Data nodes

Index

Mill.AbstractBagNode
Mill.AbstractNode
Mill.AbstractProductNode
Mill.ArrayNode
Mill.ArrayNode
Mill.BagNode
Mill.BagNode
Mill.LazyNode
Mill.LazyNode
Mill.ProductNode
Mill.ProductNode
Mill.WeightedBagNode
Mill.WeightedBagNode
Mill.catobs
Mill.data
Mill.dropmeta
Mill.mapdata
Mill.metadata
Mill.removeinstances
Mill.subset
Mill.unpack2mill

API

Mill.AbstractNode — Type

AbstractNode

Supertype for any structure representing a data node.

Mill.AbstractProductNode — Type

AbstractProductNode <: AbstractNode

Supertype for any structure representing a data node implementing a Cartesian product of data in subtrees.
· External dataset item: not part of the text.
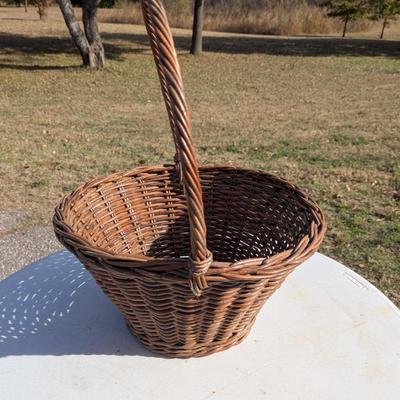 Sale Photo Thumbnail #539: Wicker basket with handle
Mill.AbstractBagNode — Type

AbstractBagNode <: AbstractNode

Supertype for any data node structure representing a multi-instance learning problem.

Mill.data — Function

Mill.data(n::AbstractNode)

Return data stored in node n.

Examples

julia> Mill.data(ArrayNode([1 2; 3 4], "metadata"))
2×2 Array{Int64,2}:
 1  2
 3  4

julia> Mill.data(BagNode(ArrayNode([1 2; 3 4]), bags([1:3, 4:4]), "metadata"))
2×2 ArrayNode{Array{Int64,2},Nothing}:
 1  2
 3  4

See also: AbstractNode, ArrayModel.

Mill.BagNode — Type

BagNode{T <: Union{AbstractNode, Missing}, B <: AbstractBags, C} <: AbstractBagNode

Data node that represents a multi-instance learning problem. Contains instances stored in a subtree of type T, bag indices of type B and optional metadata of type C.

Mill.BagNode — Method

BagNode(d::Union{AbstractNode, Missing}, b::AbstractBags, m=nothing)
BagNode(d::Union{AbstractNode, Missing}, b::AbstractVector, m=nothing)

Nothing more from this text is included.